Kanadyjscy mistrzowie progresywnego rocka, zespół Rush, jakiś czas temu zakończyli karierę ze względu na chęć przejścia perkusisty, Neila Pearta, na emeryturę. Czy może raczej tę karierę zawiesili? Z ostatnich wypowiedzi muzyków bije światełko nadziei dla wszystkich spragnionych nowego materiału od autorów takich przełomowych albumów, jak „Moving Pictures” czy „2112”!

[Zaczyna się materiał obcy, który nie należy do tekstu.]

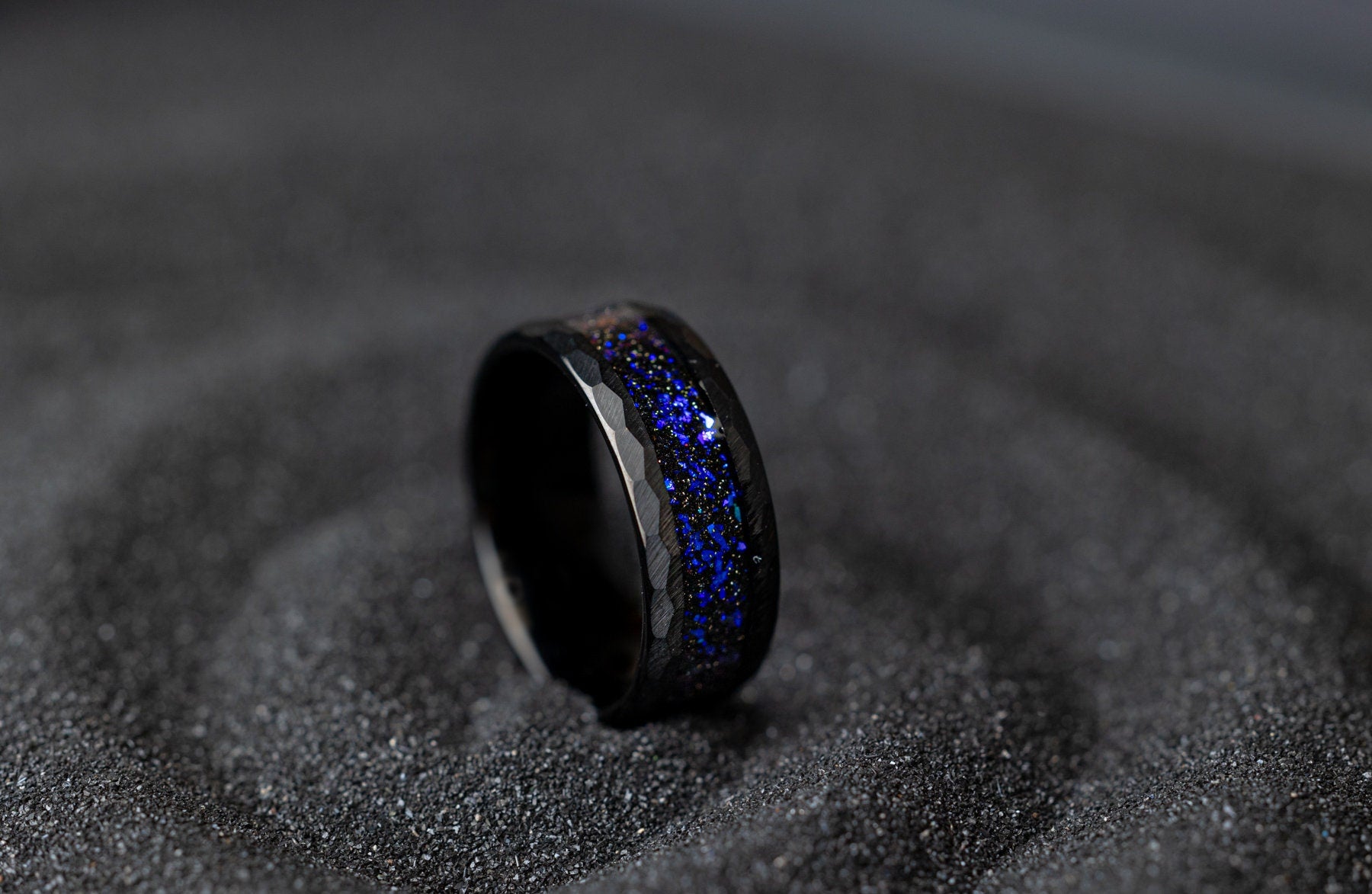 Blue Galaxy Sandstone Ring Set, Space Galaxy Ring Set, His and Hers Blue Galaxy Rings, Couples Set Wedding Bands, Matching Rings Set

Kanadyjski dziennikarz George Stroumboulopoulos przesłuchiwał ostatnio gitarzystę Aleksa Lifesona oraz śpiewającego basistę Geddy’ego Lee na okoliczność uhonorowania dorobku zespołu wręczeniem im kluczy do miasta Toronto oraz nazwaniem na ich cześć parku w okolicznym Willowdale.
https://www.youtube.com/watch?v=IIAftTV4tBk
Na pytanie dotyczące uczuć towarzyszących emeryturze Alex Lifeson odpowiedział:
Przez ten rok musiałem się dopasować. Zajęliśmy się innymi rzeczami, które nas interesują i chwilę to trwało, zanim się w tym odnaleźliśmy. Ale wciąż czuję, że mogę robić wiele rzeczy i granie zdecydowanie jest jedną z nich. Jestem pewien, że jeszcze coś razem nagramy. Po prostu nie potrafimy przestać wspólnie tworzyć!
Geddy Lee usłyszał pytanie, czy utrzymuje na emeryturze muzyczną formę.
Jasne. Praktycznie codziennie, gdy jestem w domu, gram coś na basie. Sporo ostatnio podróżuję razem z małżonką. Zwiedzamy świat długi i szeroki,korzystamy z tej przerwy w mojej karierze – czymkolwiek by ta przerwa nie była. Ale kocham grać i gram sporo. Prędzej czy później zdarzy się dokładnie to, co ma się zdarzyć.
Oby jak najprędzej panowie uznali, że to już dobry moment na wspólne nagrywanie!